If anything has become the symbol of what San Franciscans perceive as the “tech problem” in our fair city, it’s Google's gleaming commuter buses. Tempers run obnoxiously high in discussions about these shuttles as symbols of gentrification – not only in San Francisco, but now in cities outside California where massive development and rising rents are being blamed on tech companies and their buses.
Recently, protesters in Seattle blocked Microsoft’s commuter vans. Armed with volatile pamphlets and pithy slogans, the activists encircled the shuttles, airing their grievances that Microsoft’s affluent employees are pillaging the housing market, driving up rents, and forcing out the working class in rapidly-gentrifying areas like Capitol Hill and Ballard. Sounds familiar, doesn’t it?
The Seattle activists are continuing the narrative we hear constantly repeated in San Francisco. New money development leads to spikes in rent, which leads to less options for the low and middle class, which theoretically means a city of gleaming condos populated by the ultra-rich. If Google and Microsoft are the bad guys, what better way to stick it in their golden craws then to protest these mobile avatars of everything they represent.
We are wasting our time protesting commuter shuttles, both here and in Seattle, as that city's alt weekly The Stranger pointed out the day the protests took place. Yes, tech companies got away with highway robbery when San Francisco recently “fined” them a measly one to two hundred thousand dollars a year for the use of our public streets. But as SF Weekly rightly pointed out in this week's cover story, standing in front of buses is merely pissing on the tip of the iceberg.
Seattle and San Francisco are battling the same demon – gentrification and the high rent prices it seemingly creates. Though both cities have had long histories with tech – Microsoft and Amazon in Seattle and Twitter, Facebook, and Google in San Francisco – the private shuttles aren't a useful target for this anger toward rapid development. The focus, both here and in cities tackling similar issues, needs to be on how local governments are insuring residents of all income levels are able to live there.

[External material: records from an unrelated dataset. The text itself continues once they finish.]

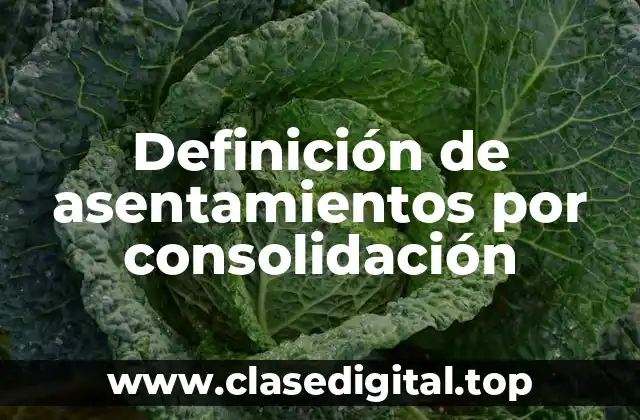 Ejemplos de asentamientos por consolidación
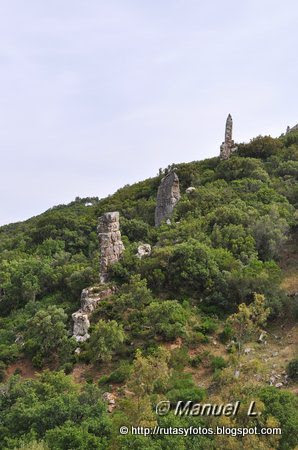 Canuto del Montero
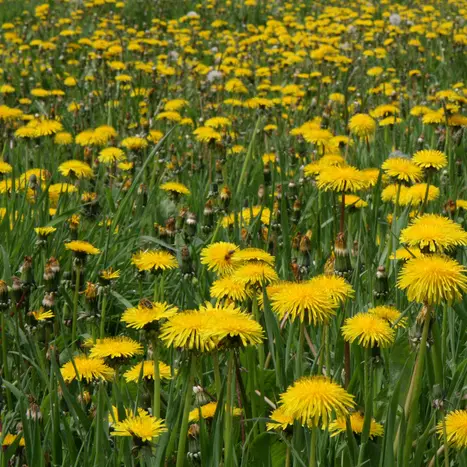Balade naturaliste : plantes sauvages et art de la table_1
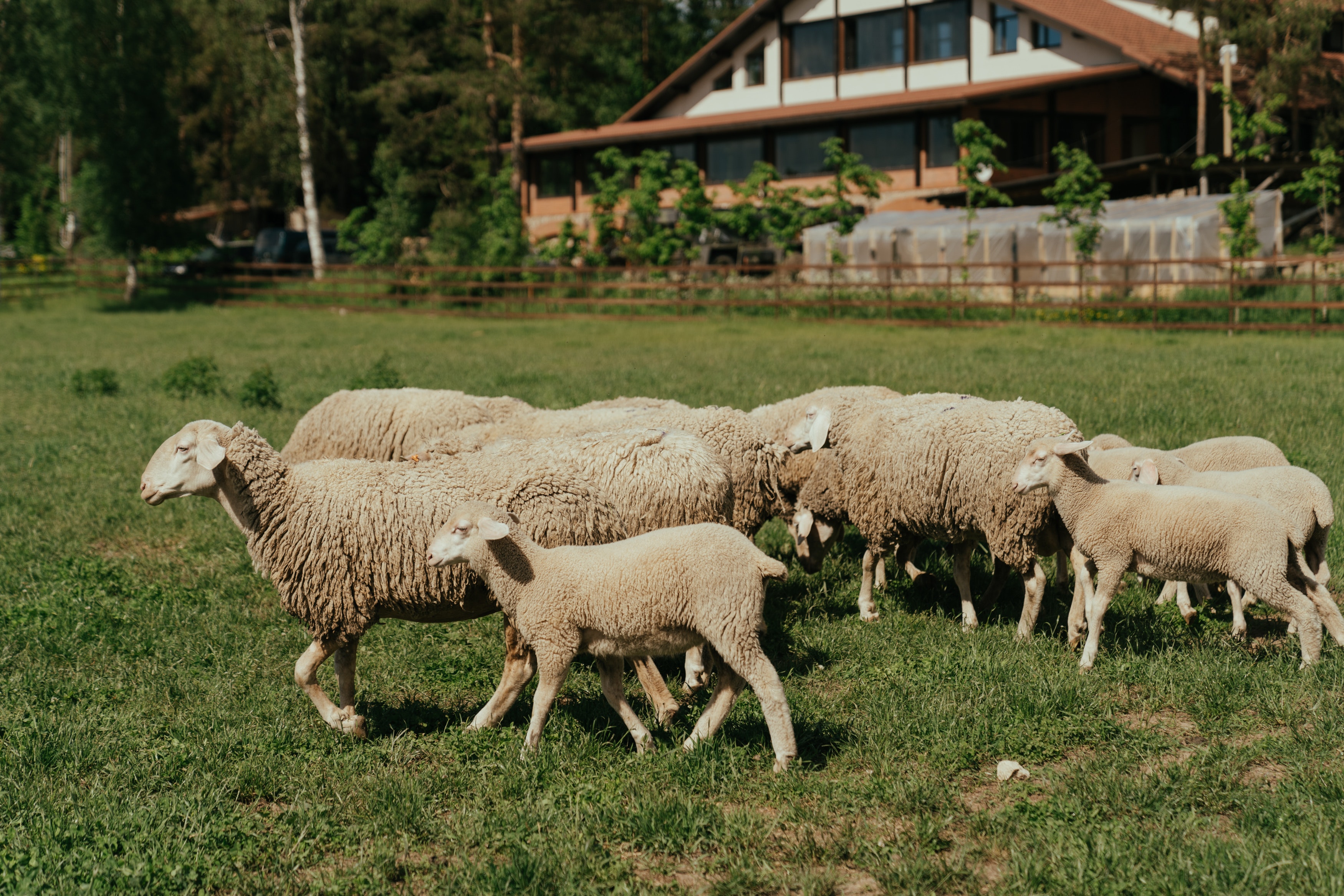 Meuse : les brebis encore victimes des loups ?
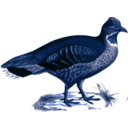 download Tetraophasis Obscurus clipart image with 180 hue color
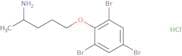 2-[(4-Aminopentyl)oxy]-1,3,5-tribromobenzene hydrochloride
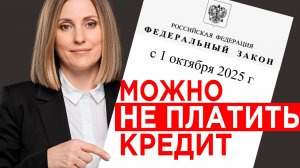 Новый закон спасёт бизнес от долгов в 2025!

As The Seattle Weekly artfully stated, Seattle residents are protesting because they're scared they’ll find themselves knee deep in the same quagmire San Francisco is already in, with big tech running the show instead of city hall. They want to avoid living in a city that's so scared of losing tech industry cash that its leaders are willing to do anything to keep the companies there. Activists in both cities should stop squandering our resources standing around buses and start thinking about real solutions to a very real problems of affordable housing in San Francisco and Seattle.